Quick start¶
Installation¶
Installation should be straightforward. We recommend the use of virtual environment. A prepackaged python system such as Anaconda https://www.anaconda.com is usually best as a base.
ARL requires python 3.6 or higher.
# Use git to make a local clone of the Github respository:
git clone https://github.com/SKA-ScienceDataProcessor/algorithm-reference-library
# Change into that directory:
cd algorithm-reference-library
# Install required python packages:
pip install -r requirements.txt
There may be some dependencies that require either conda (or brew install on a mac).
# Setup ARL:
python setup.py install
# Get the data files form Git LFS:
git-lfs pull
The README.md file contains much more information about installation.
Running notebooks¶
The best way to get familiar with ARL is via jupyter notebooks.
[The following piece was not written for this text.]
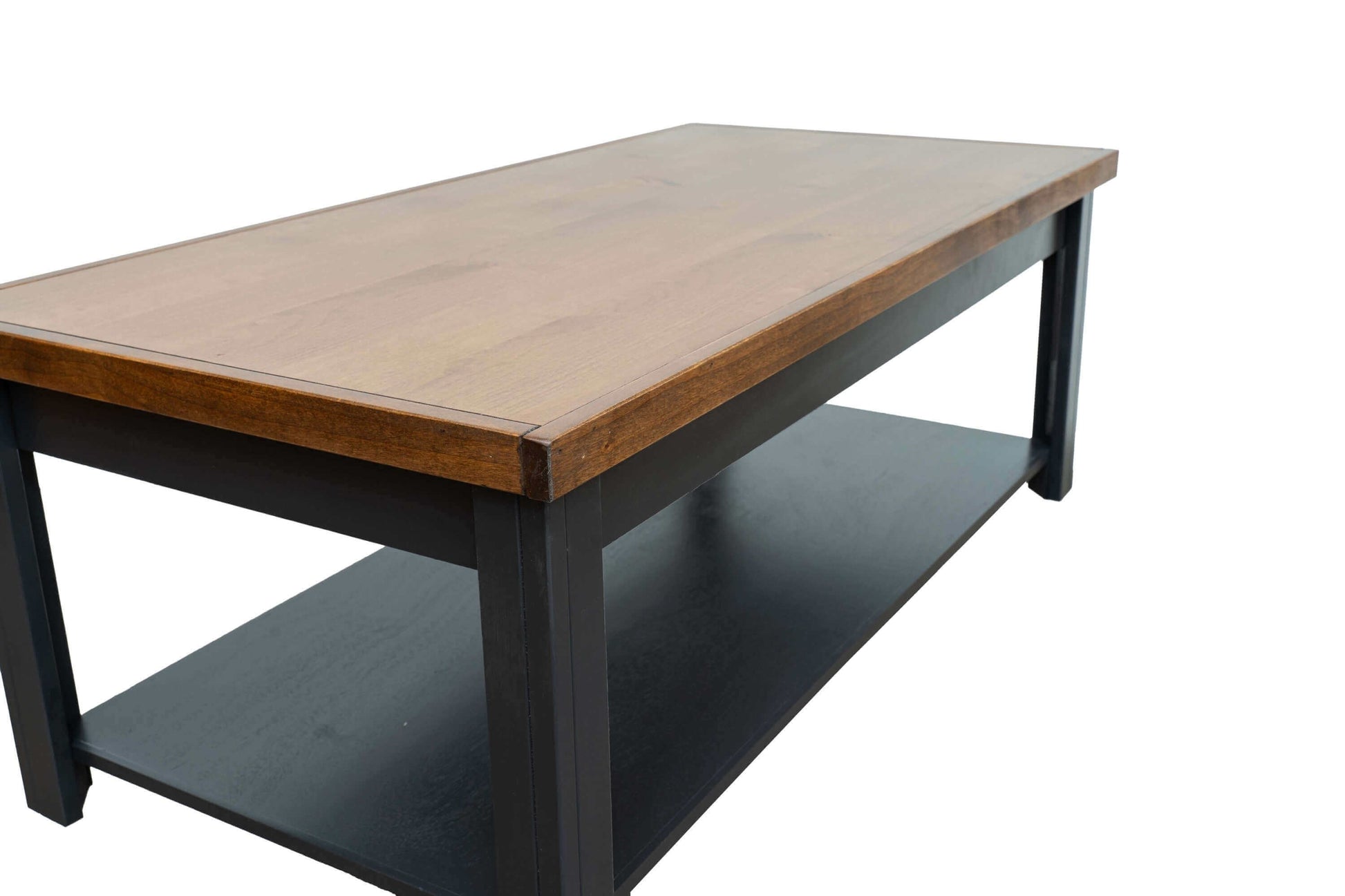 Essex Solid Wood Rectangular Coffee Table, Black and Whiskey Finish 48" - Revel Sofa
For example:
jupyter-notebook imaging.ipynb
See the jupyter note books below:
- Imaging and deconvolution demonstration
- Demonstrate full circle wide field imaging
- Wide-field imaging demonstration
- Simple demonstration of the use of arlexecute
- Imaging and deconvolution demonstration
- Pipeline processing using arlexecute workflows.
- Set up and run a simple real-time calibration pipeline, RCAL.
In addition, there are other notebooks that are not built as part of this documentation.